So, you’re hearing whispers about the Labrador Retriever Plott Hound mix, eh? Sounds like a cool combo on paper, I get it. Folks think they’re getting the best of both worlds, a kind of super-dog.
I got pretty deep into looking at these myself a while back. Thought, hey, Lab’s friendliness, Plott’s smarts and that incredible nose – what’s not to love? Seemed like a straightforward path to an awesome companion.

My journey with this mix, though, it wasn’t about owning one directly. Nosiree. It was more like an… an immersion experience, shall we say, courtesy of my brother-in-law, Mike. He’s a good guy, but sometimes he jumps in with both feet before checking the depth of the water.
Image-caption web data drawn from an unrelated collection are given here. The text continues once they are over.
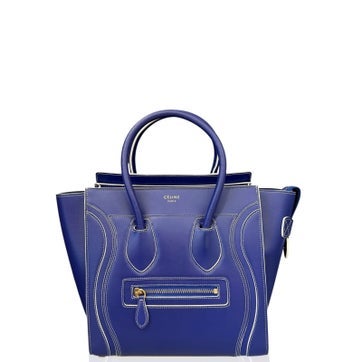 Calfskin Luggage Micro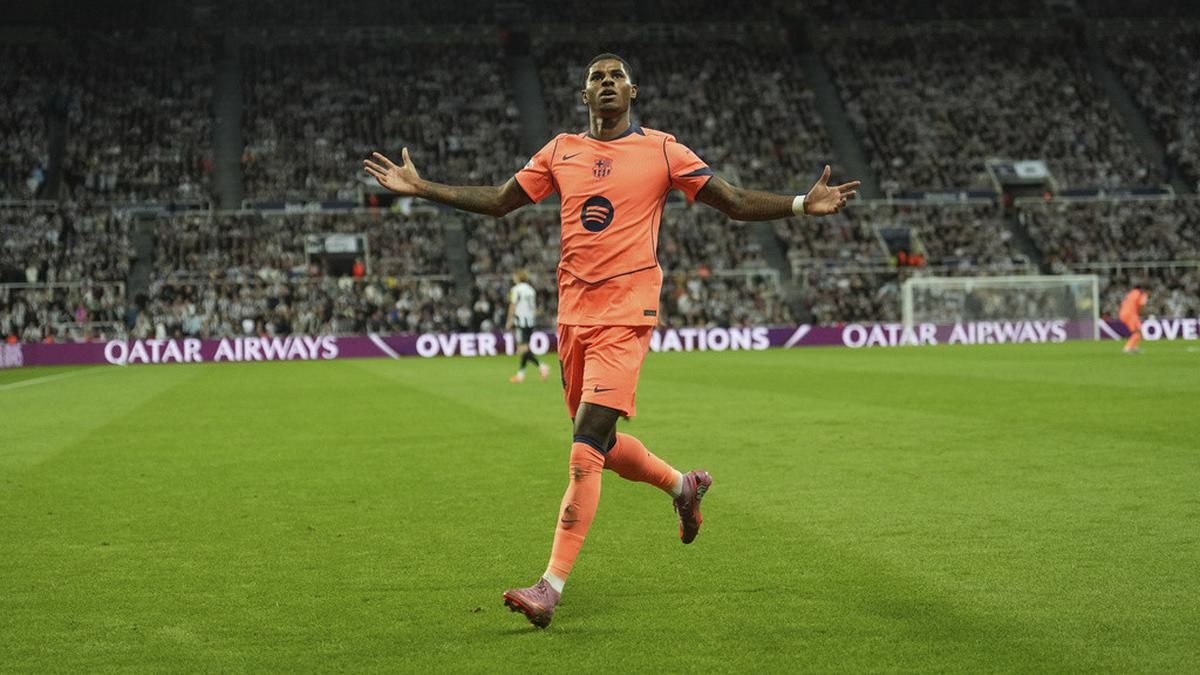 Louis Saha Ragu Marcus Rashford Kembali ke Manchester United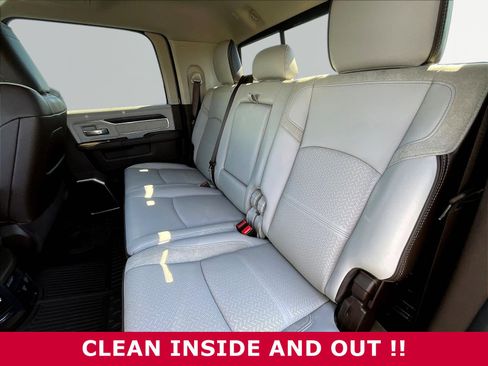 Used 2025 RAM 3500 Laramie w/ Towing Technology Group AWD/4WD image 20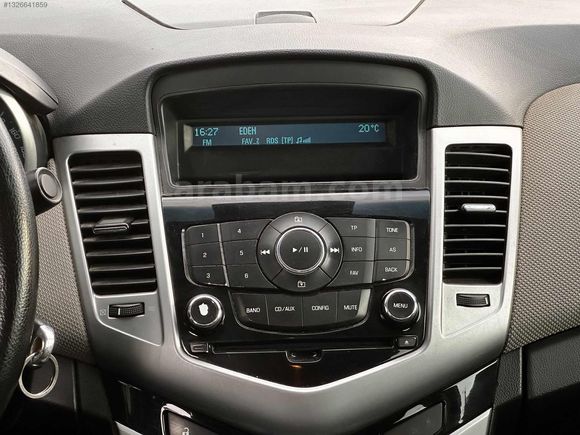 2011 CRUZE 2 PARÇA BOYALI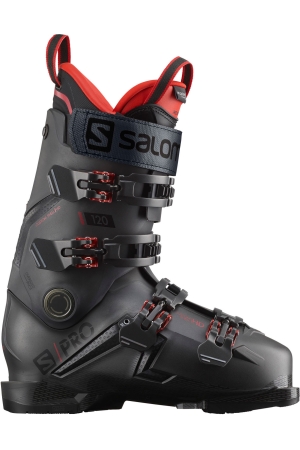 Salomon Salomon S/PRO 120 GW skischoen M Belluga/Red/Black Salomon Salomon S/PRO 120 GW skischoen M Belluga/Red/Black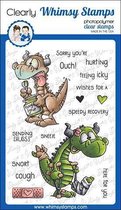 Whimsy Stamps DP1034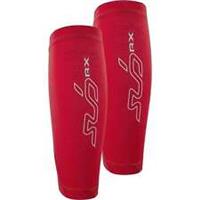 Sub Sports Elite RX Womens Compression Calf Sleeves Red Running Run Calf Guards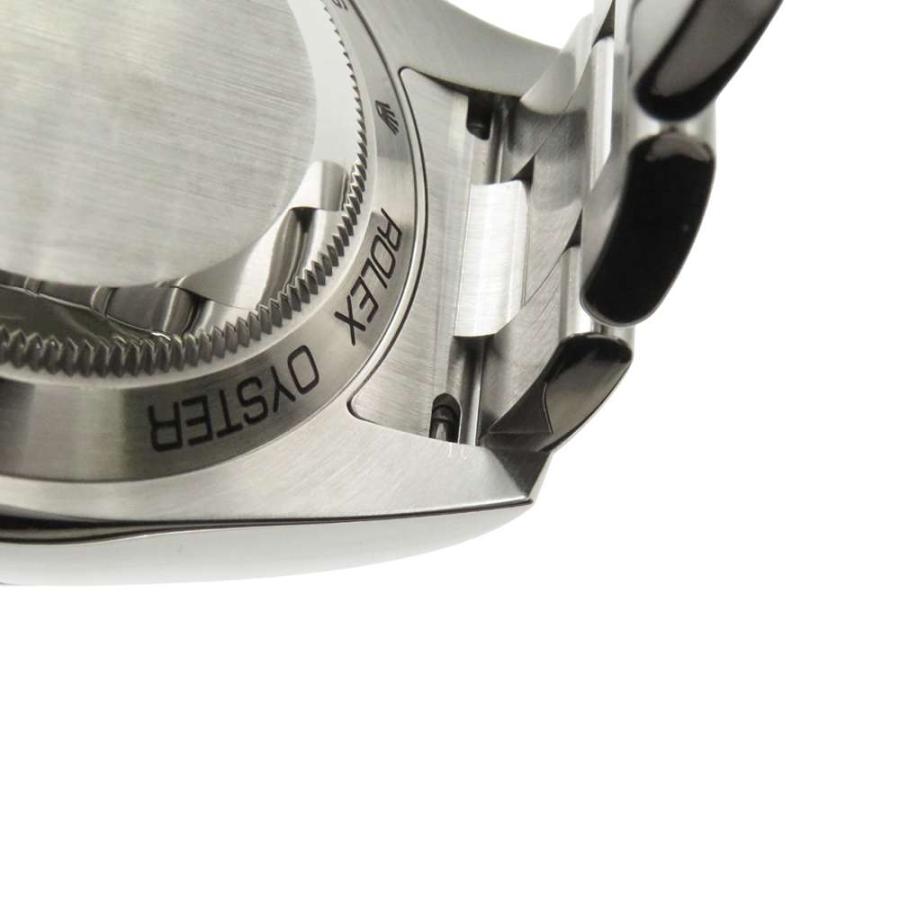 ロレックス ミルガウス 116400GV ROLEX 腕時計 黒文字盤 【安心保証】｜gallery-rare｜06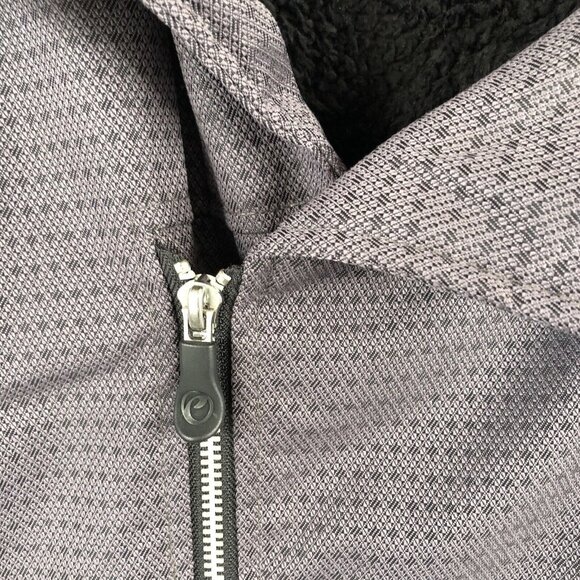 Core Powder Room Jacket Women Medium Gray Snowboarding 5000mm Ski Lined Outdoor - Picture 8 of 16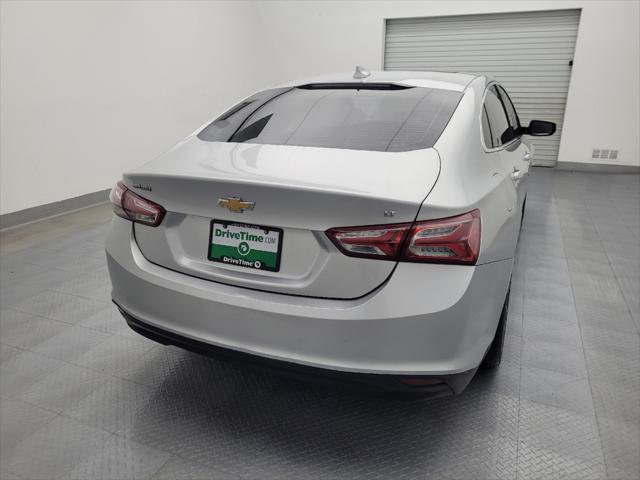 used 2020 Chevrolet Malibu car, priced at $17,595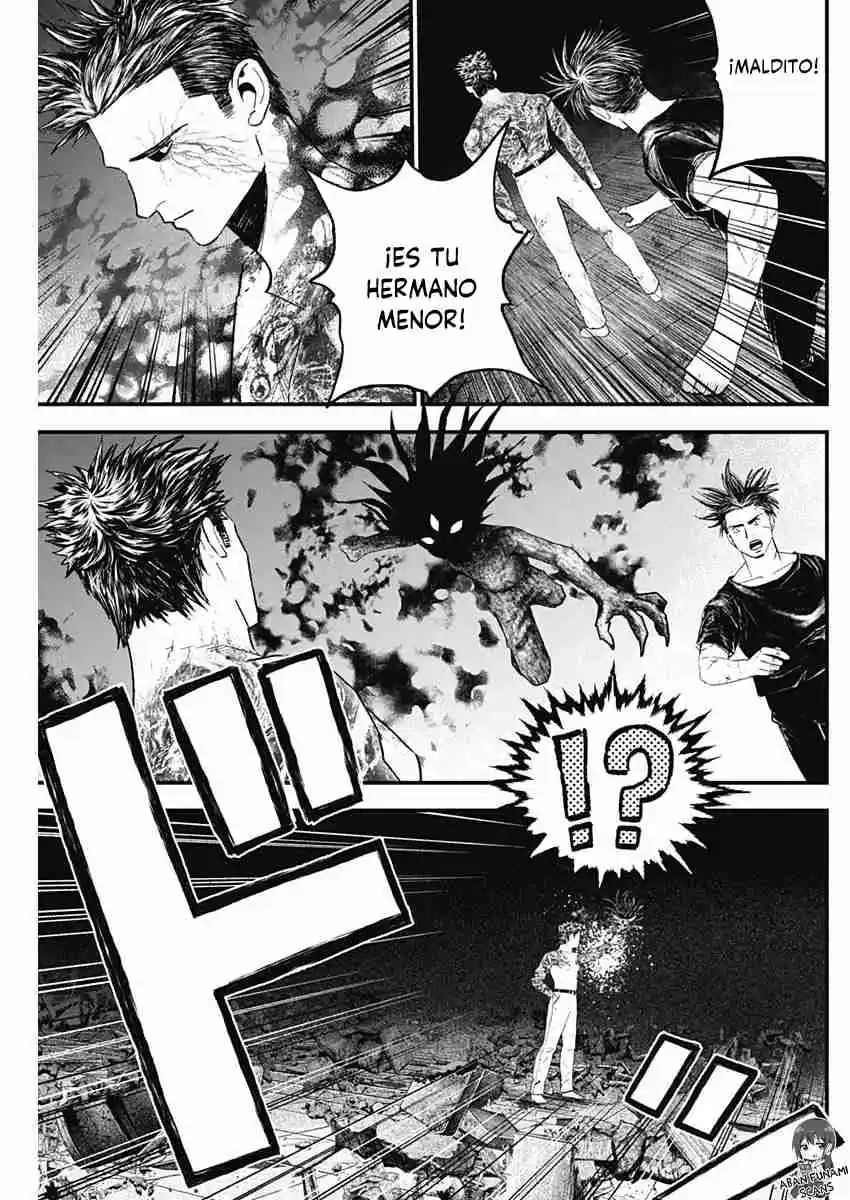 Katagi Modoshi capítulo 39, página 9
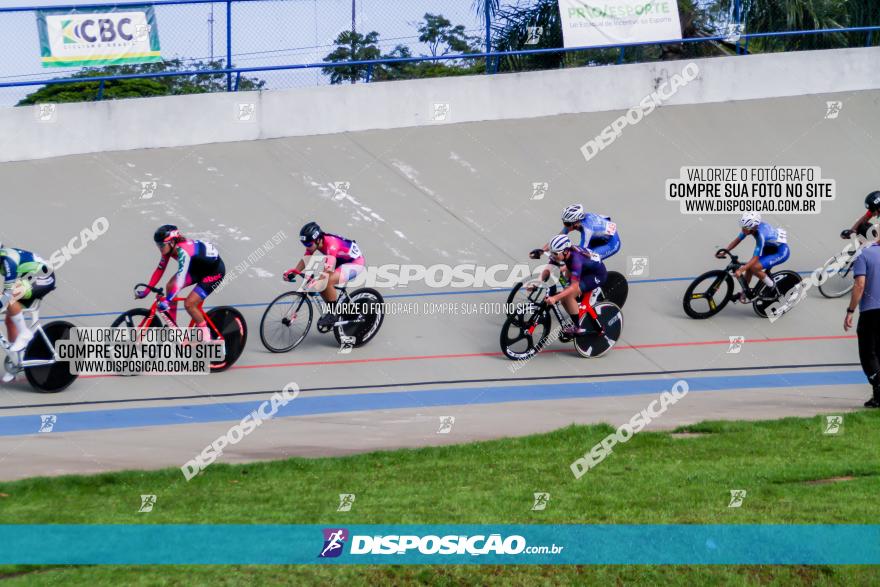 Taça Brasil de Ciclismo de Pista 2023 - Etapa 1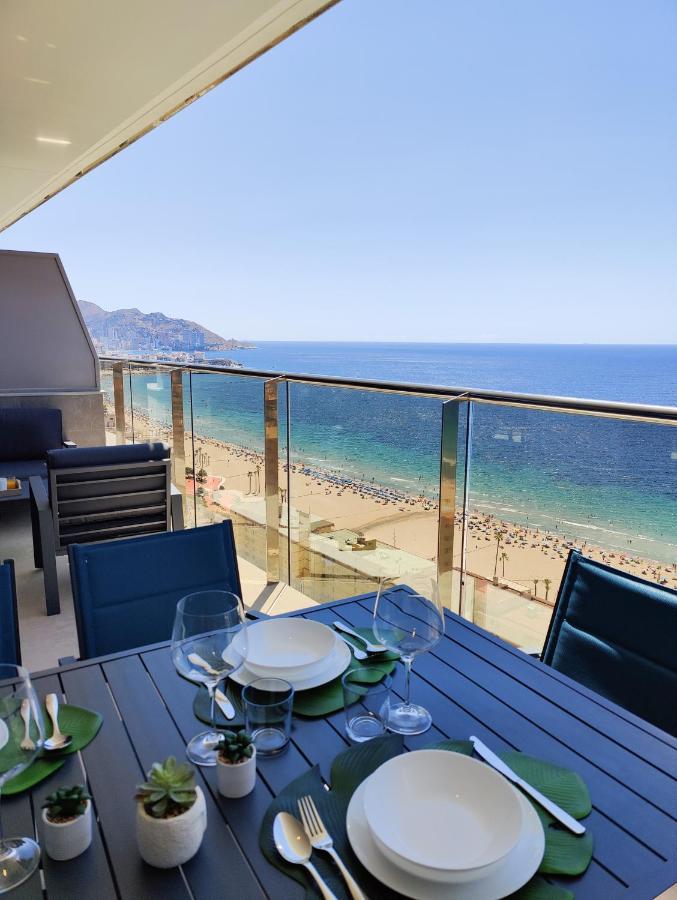 Sunset Cliffs Sunny Aparts Бенидорм Экстерьер фото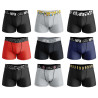 Boxer No Publik Featuring Simpsons Homme Confort et Fantaisie en Coton -Assortiment modèles photos selon arrivages-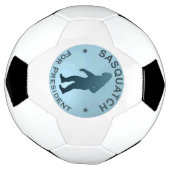 Sasquatch für den Präsidenten Fußball (Gedreht)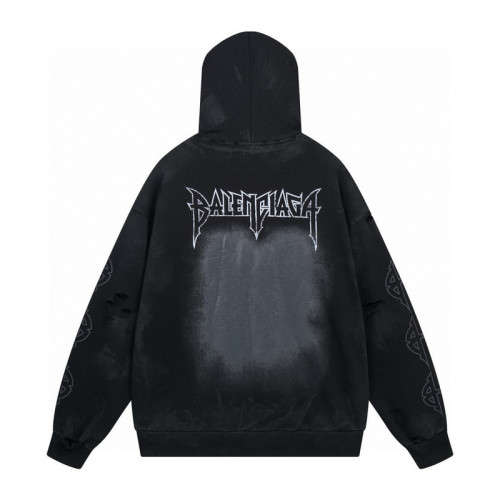 B men Hoodies-2264(S-XL)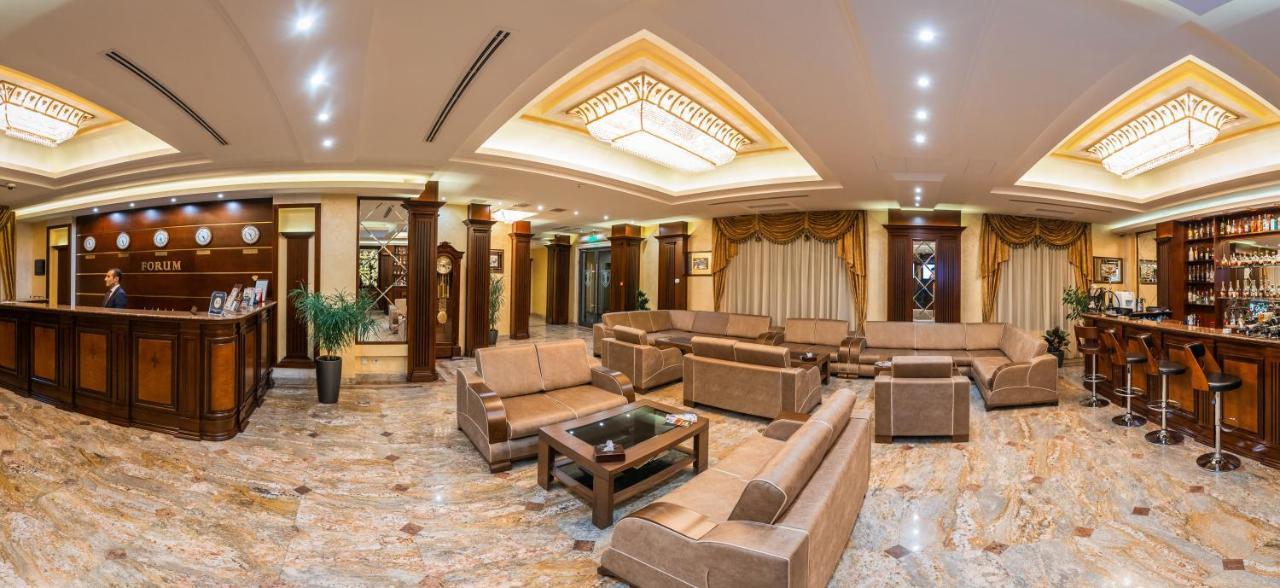Spa Hotel Grace Forum 예레반 외부 사진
What We Thought We Were Getting vs. The Furry Reality
Mike, bless his heart, dives headfirst into things. He went out and picked up ‘Moose,’ a Lab-Plott pup, thinking he’d get a chill hiking buddy, something to calmly explore the trails with. We all pictured this noble, easy-going dog. You know, the kind you see in those outdoorsy commercials, looking majestic on a mountaintop.
What we actually got was a furry little tornado with a voice that could wake the dead. And boy, did he use it, especially at 5 AM. My ‘practice’ with this specific mix started with the frantic phone calls. ‘Hey, can you come over? Moose ate the arm of the sofa.’ Or, ‘Moose dug up the entire backyard looking for… well, we still don’t know what he was after.’
The energy levels were just off the charts. I mean, I’m a pretty active person, I like a good long walk, but this dog was next level. We’d take him out for hours, proper running and playing, and he’d still be bouncing off the walls when we got home. My sister, Mike’s wife, was seriously losing her mind. She said it was like having a perpetual motion machine powered by chaos.
Then there was the ‘Plott’ part coming through strong. Super smart, yeah, which sounds great until you realize that also meant he was super good at figuring out how to get into trouble. Childproof locks? Please. Moose saw those as a personal challenge. And the nose! Oh, that nose. Once he caught a scent, forget it. He was GONE. Didn’t matter what you were saying or offering. We spent more time practicing ‘recall’ than anything else, and even then, it was a fifty-fifty shot, on a good day.
I remember this one time, we were attempting a civilized family BBQ in the backyard. Moose was supposed to be ‘settled’ on his mat. Five minutes later, there’s this ruckus, and he’s halfway up the big oak tree, baying like he’s cornered a mountain lion, all because a squirrel looked at him funny. The whole neighborhood knew about Moose’s squirrel vendettas.
My role in all this? I kind of became the unofficial ‘Moose Wrangler’ on weekends and many evenings. My sister would call in desperation. So, I tried all the tricks in the book I’d ever learned or read about. We went through:

- Endless fetch sessions that usually ended with me being more tired than the dog.
- Puzzle toys that he’d crack in about three minutes flat, then look at me like, ‘Is that all you got?’
- Long, rambling walks in the woods where he’d try to drag me off-trail after every single deer, rabbit, or interesting smell, which was basically every five feet.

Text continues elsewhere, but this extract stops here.